Rubem Valentim: Emblema 78 (Copyright © Rubem Valentim, 1922)
As Victor isn’t based in Northeast Brazil, much of his research happens online and in his free time. But it’s not your standard relaxing hobby – it’s a feat of creative endurance. “These pieces are hard to find: they rarely have proper metadata, so at first it was a handmade collecting process – one by one, search by search,” Victor says. Advancements in technology have come in handy, however, with Victor now utilising AI and automation tools to “filter and refine” searches.
While the work on display is undeniably visually rich, with an array of analogue printing methods, characterful illustrative styles and hand-drawn, vernacular typefaces, what speaks to Victor as equally important is how each collected piece is a window into the specific conventions of Northeastern society and life.

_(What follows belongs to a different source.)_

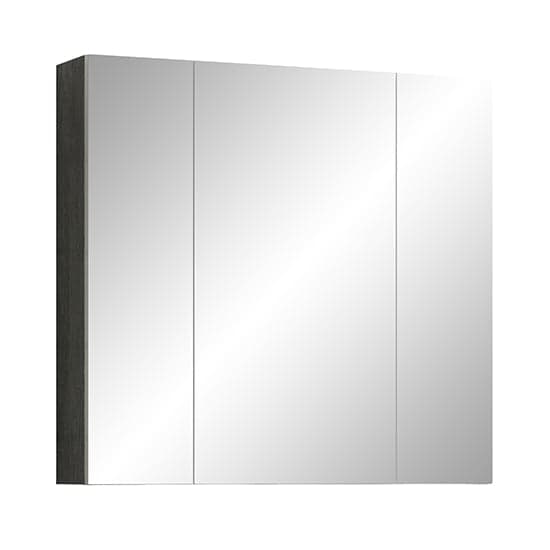 Reus Gloss Mirrored Bathroom Cabinet 3 Doors In Smokey Silver_5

Many come under the umbrella of a cordel, “cheap woodcut booklets ranging from humour to social critique,” says Victor – “almost like early zines”. One, Victor outlines, Porque Faz Medo Casar (“Why It’s Scary to Marry”), depicts a man printed in bright red, donning a pair of large antlers, “a metaphor for the fear and betrayal”. Meanwhile, one piece in Victor’s selection requires a double take – a business card from Lampião, an infamous leader of Brazil’s cangaço (group of social bandits) that’s adorned with a type that’s sweeping and soulful. Simultaneously rebellious, folk-infused and sophisticated, “it shows how even figures of resistance shaped the region’s visual culture”, says Victor.
Dila: Cordel (Copyright © Dila, 1979)
After amassing so much, Victor realised he would need something to house this vast archive – he personally crafted an identity and website himself, preserving a DIY spirit so that this visual home “reflects the same resourceful spirit as the vernacular works it preserves”. Victor followed traditional archival grids for clarity which means “it’s structured enough for academic research, with modular navigation and metadata,” he says, “yet open enough to spark inspiration through the textures and imperfections left in the scans.”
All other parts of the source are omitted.